Dans Libération

Baptiste Coulmont, maître de conférences au département de sociologie de l’université Paris 8, a publié une tribune libre dans le quotidien Libération

Interdire les sex-shops ?
Par Baptiste COULMONT
Libération, Mardi 11 juillet 2006

Dans le cadre d’un texte de loi sur la protection de l’enfance (Libération du 7 juillet), des députés UMP se sont mis en tête d’interdire les sex-shops à proximité des lieux fréquentés par des mineurs, par amendement : «Est interdite l’installation, à moins de deux cents mètres d’un établissement recevant habituellement des mineurs, d’un établissement dont l’activité est la vente ou la mise à disposition du public de publications ou de produits dont la vente aux mineurs est prohibée.» Depuis une ordonnance du Conseil d’Etat de 2005, les maires peuvent interdire leur installation en cas d’opposition locale. Depuis une loi de 1987, ils sont déjà interdits d’installation à moins de cent mètres des établissements scolaires.
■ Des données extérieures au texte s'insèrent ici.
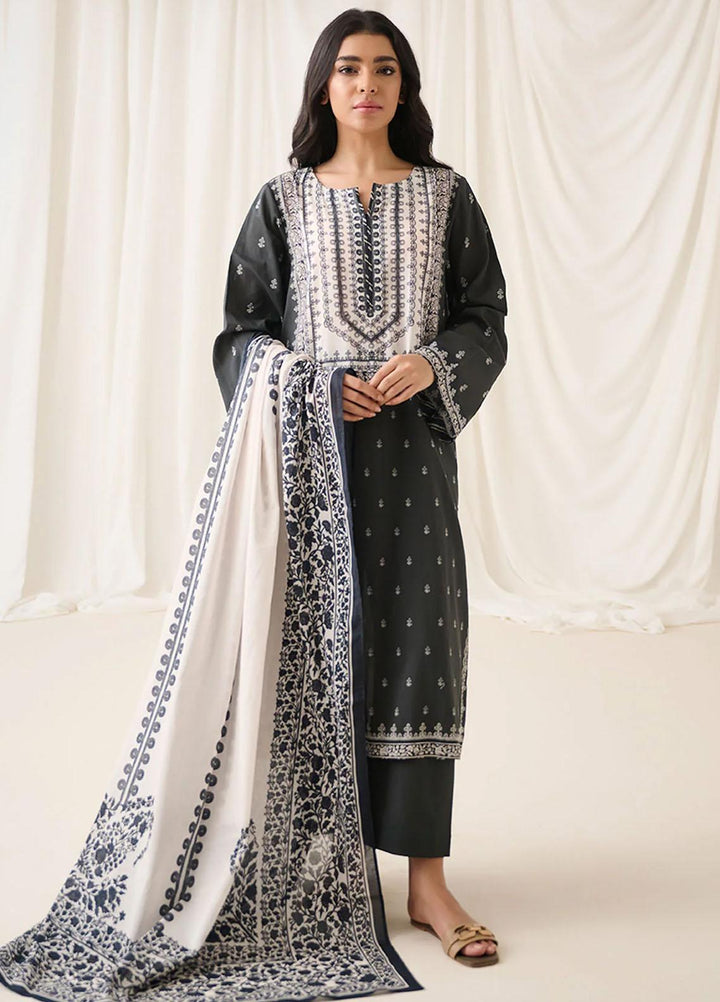 Dhanak Printed Lawn Suits Unstitched 3 Piece DHK23BWU DU-3160 BLACK - Summer Collection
Depuis la loi de finance du 30 décembre 1986, leurs bénéfices sont surtaxés. Depuis 1973, leurs vitrines doivent être opaques. Depuis 1970, ils sont interdits d’entrée aux mineurs. Les tribunaux déclarent régulièrement que ce ne sont pas des commerces de «bons pères de famille» et que les règlements de copropriété peuvent les interdire. Des associations de quartier protestent contre leur implantation. La mairie de Paris rachète certains locaux pour les transformer en commerces agréables. Des députés, comme Bernard Perrut, (promoteur de l’amendement), pensent que des enfants pourraient être «témoins de comportements tendancieux liés aux sex-shops».
Les «bonnes moeurs» ont perdu toute force juridique, et la pornographie se diffuse un peu partout. Mais les seuls lieux spécifiquement consacrés à la consommation pornographique (et à la masturbation solitaire payante) se voient encadrés par un droit de plus en plus strict. Ce n’est plus la morale de la société dans son ensemble qui constitue l’étalon du droit des comportements, mais la bonne vie psychique et mentale des mineurs. Très efficaces, socialement et juridiquement, les enfants forment la base des arguments. C’est enfin un traitement urbanistique qui est proposé, la création de zones plus ou moins sexualisées. Il ne s’agit jamais d’interdire totalement ce type de magasins, mais de les éloigner de là où l’on habite. Car, finalement, c’est aussi la tranquillité locale que l’on recherche. Le nouvel ordre moral est donc fort complexe : il ne s’appuie plus sur les bonnes moeurs, mais sur un nouveau triptyque : la dignité, les enfants, le zonage. Une morale absolue, des personnes en danger, des espaces protégés.
Par Baptiste Coulmont maître de conférences à l’université Paris-VIII (Vincennes Saint-Denis).